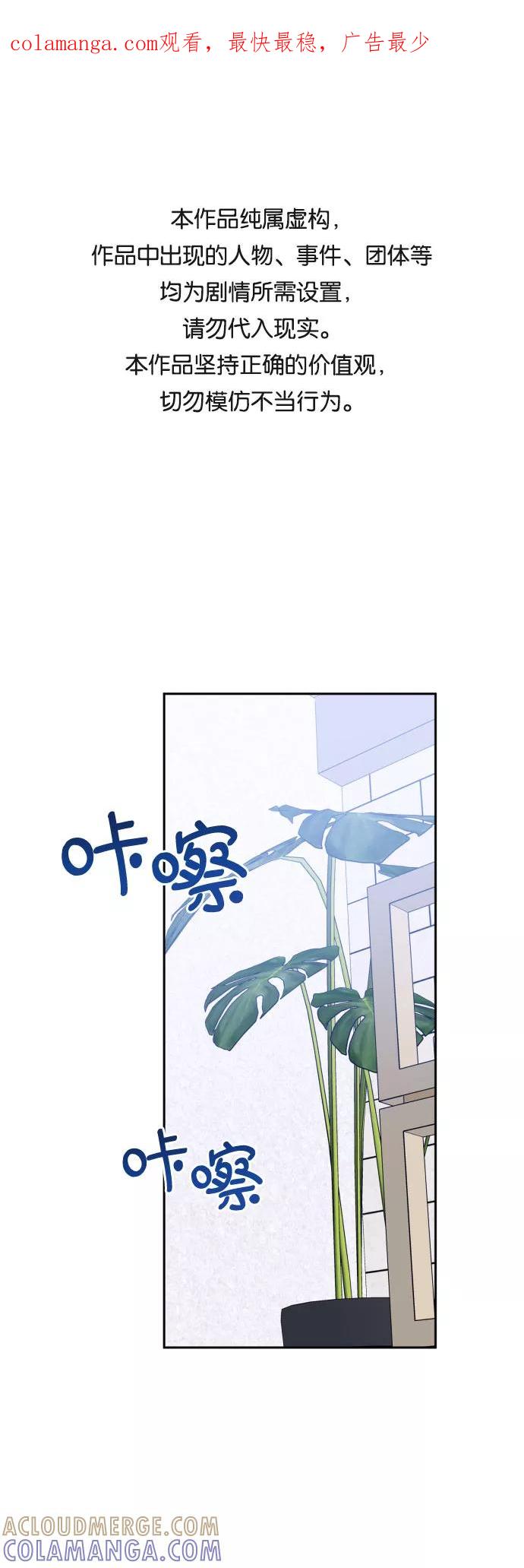 《深渊之手》[第二季] 第18话 侧耳倾听（1） 第1页
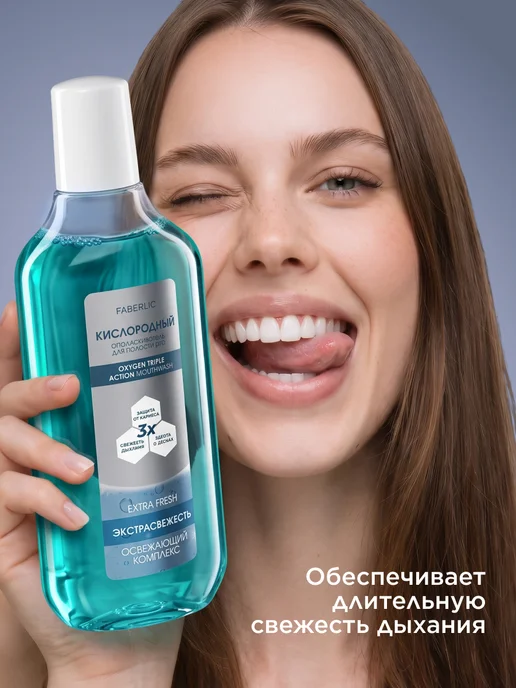 Faberlic Кислородный ополаскиватель для полости рта Экстраcвежесть, белый, фото 6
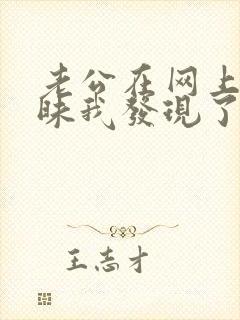 老公在网上聊暧昧我发现了,怎么办?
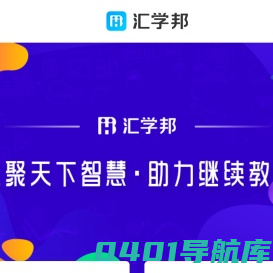 汇学邦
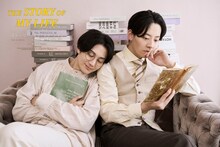 太田基裕と牧島輝のビジュアル。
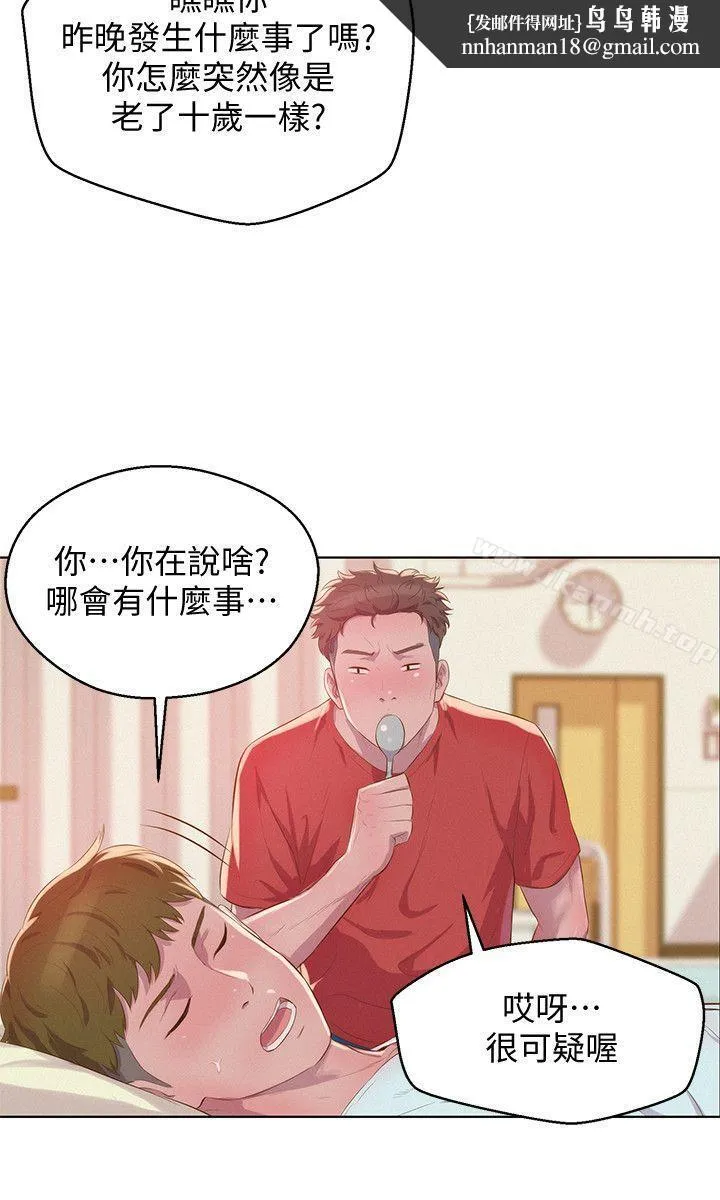 新生淫乱日记 第57话-从来没有这么舒服过 第16页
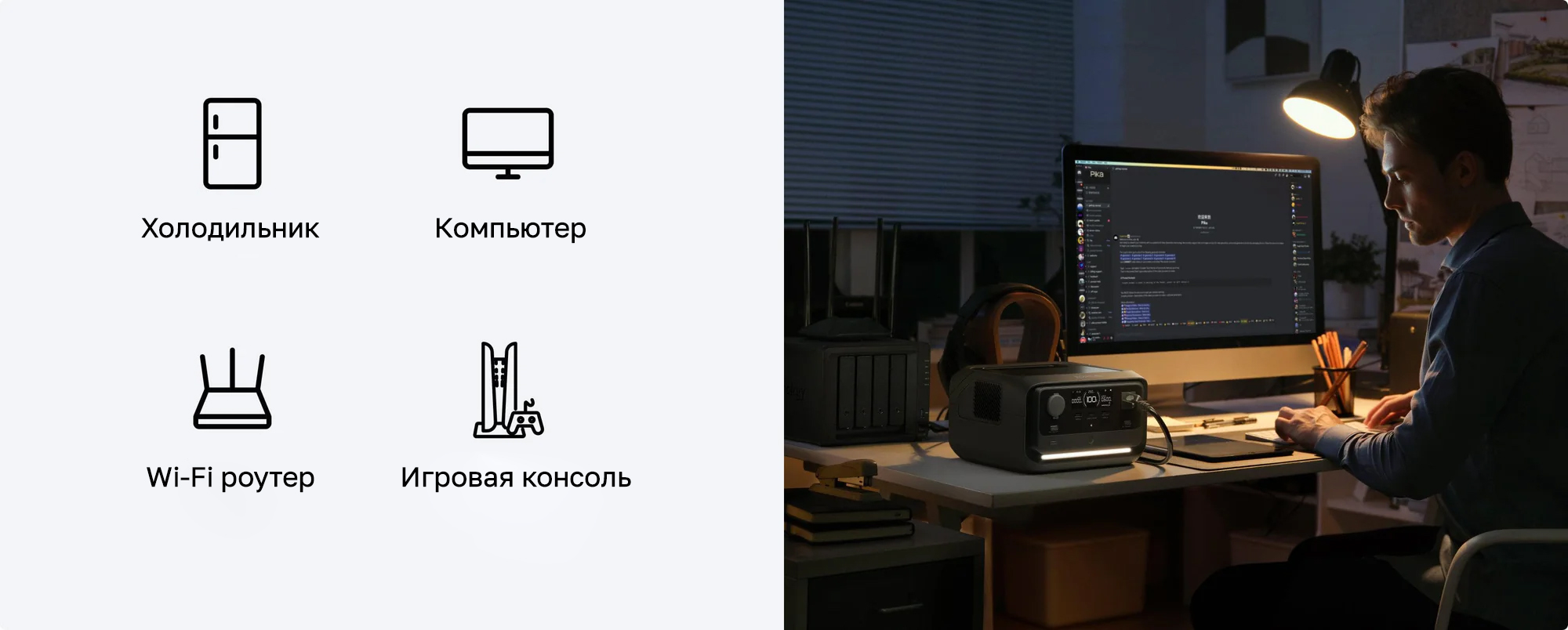 Менее 10 мс до переключения в режим ИБП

=====

#### TASK TO COMPLETE:
Pictures are to be left out. Everything else in the records above gets repeated exactly.

#### RESPONSE AREA:
 《深渊之手》[第二季] 第18话 侧耳倾听（1） 第1页
 Faberlic Кислородный ополаскиватель для полости рта Экстраcвежесть, белый, фото 6
 老公在网上聊暧昧我发现了,怎么办?
 汇学邦
 太田基裕と牧島輝のビジュアル。
 新生淫乱日记 第57话-从来没有这么舒服过 第16页
 Менее 10 мс до переключения в режим ИБП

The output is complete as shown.